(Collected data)
↓↓↓
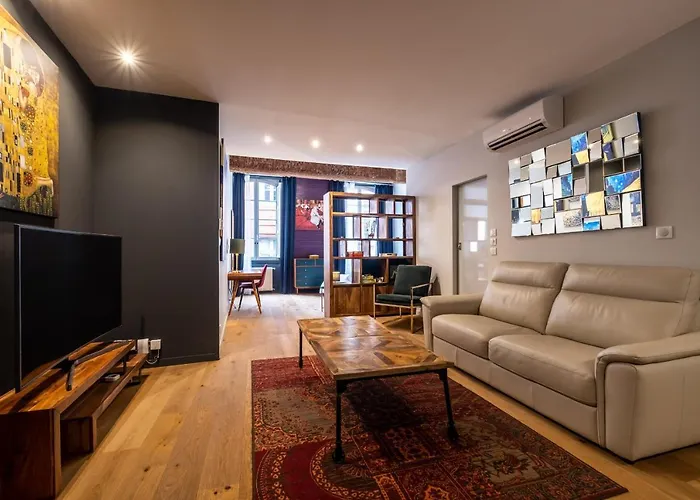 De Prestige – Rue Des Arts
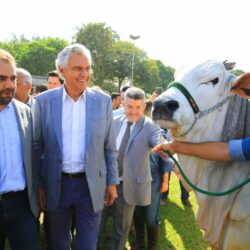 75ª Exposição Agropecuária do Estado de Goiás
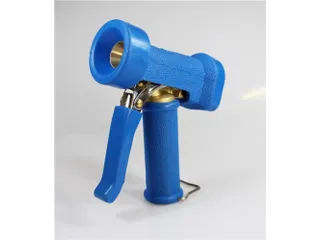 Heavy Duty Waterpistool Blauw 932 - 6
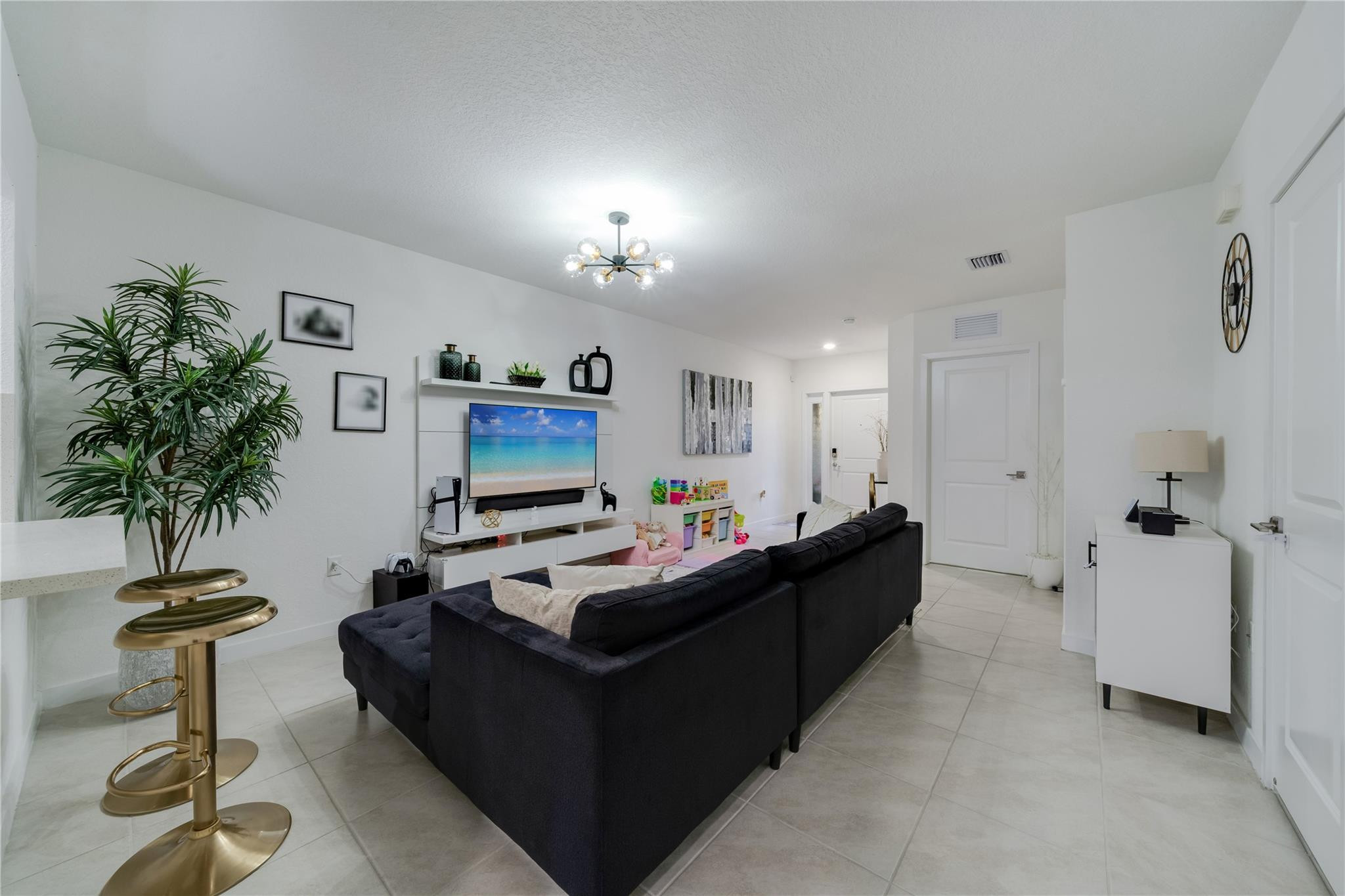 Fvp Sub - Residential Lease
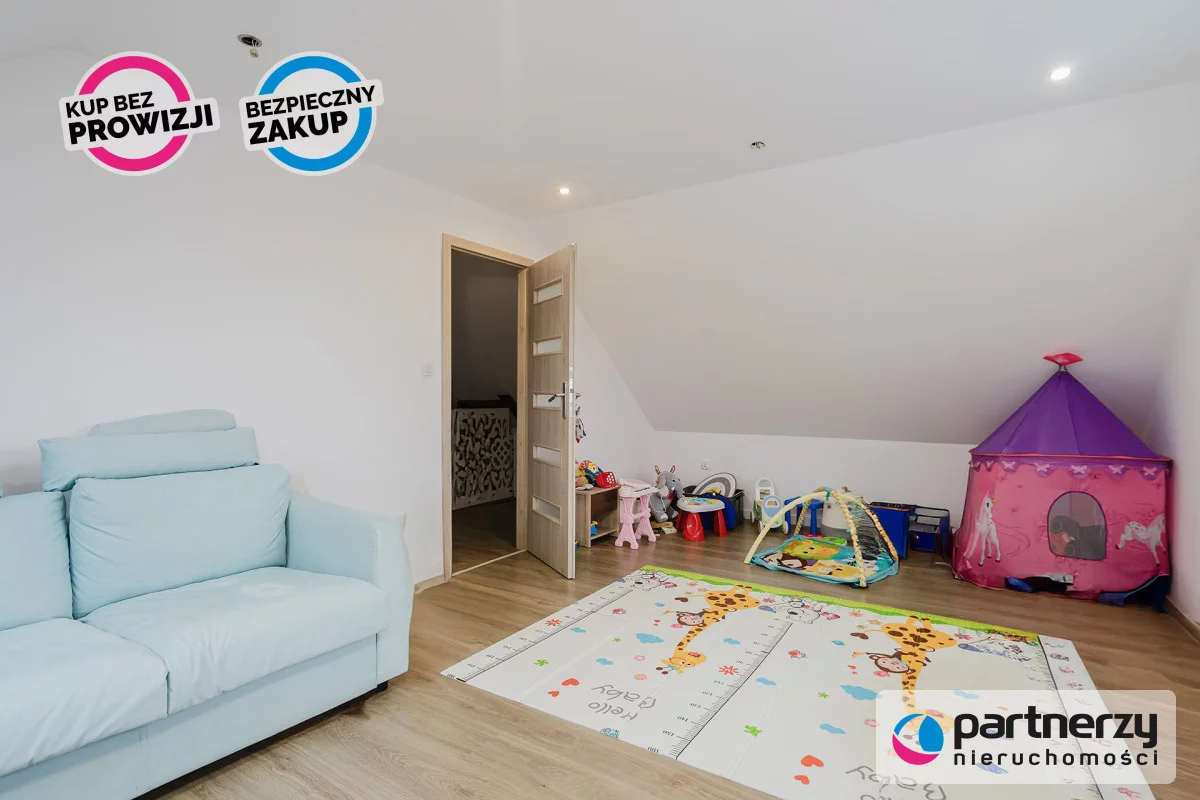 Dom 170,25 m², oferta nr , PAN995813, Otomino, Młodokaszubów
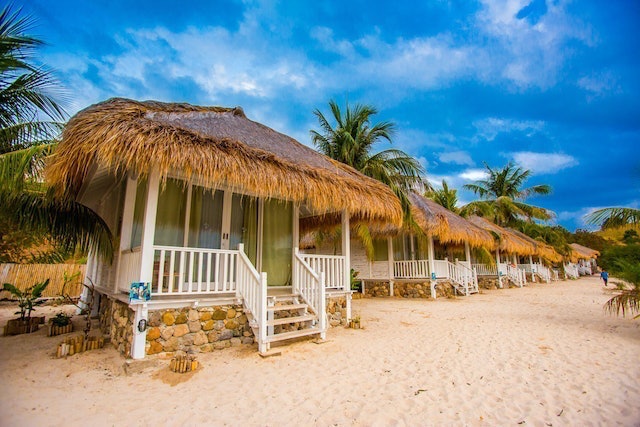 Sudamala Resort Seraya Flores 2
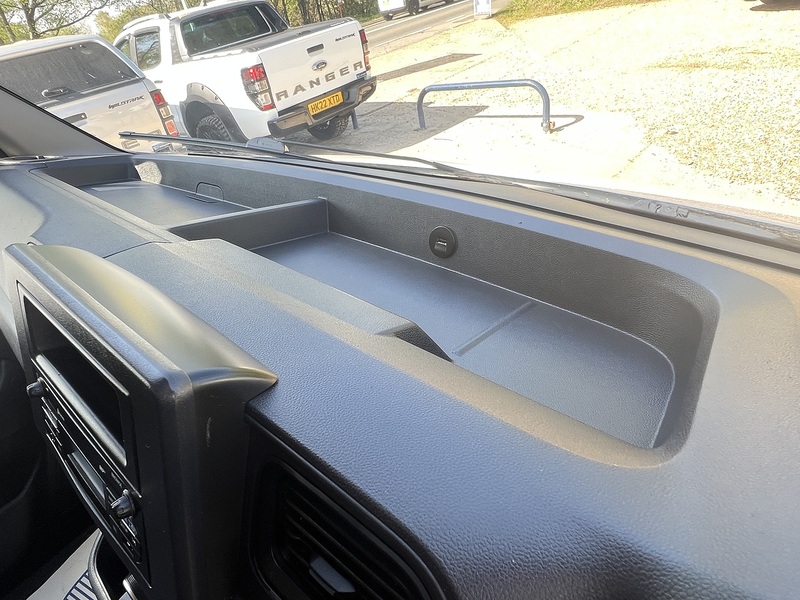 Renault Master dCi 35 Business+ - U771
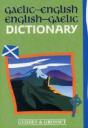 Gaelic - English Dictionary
↑↑↑
*TASK TO COMPLETE*. Please repeat each record above precisely, with the pictures left out.

*TASK OUTPUT*.
 De Prestige – Rue Des Arts
 75ª Exposição Agropecuária do Estado de Goiás
 Heavy Duty Waterpistool Blauw 932 - 6
 Fvp Sub - Residential Lease
 Dom 170,25 m², oferta nr , PAN995813, Otomino, Młodokaszubów
 Sudamala Resort Seraya Flores 2
 Renault Master dCi 35 Business+ - U771
 Gaelic - English Dictionary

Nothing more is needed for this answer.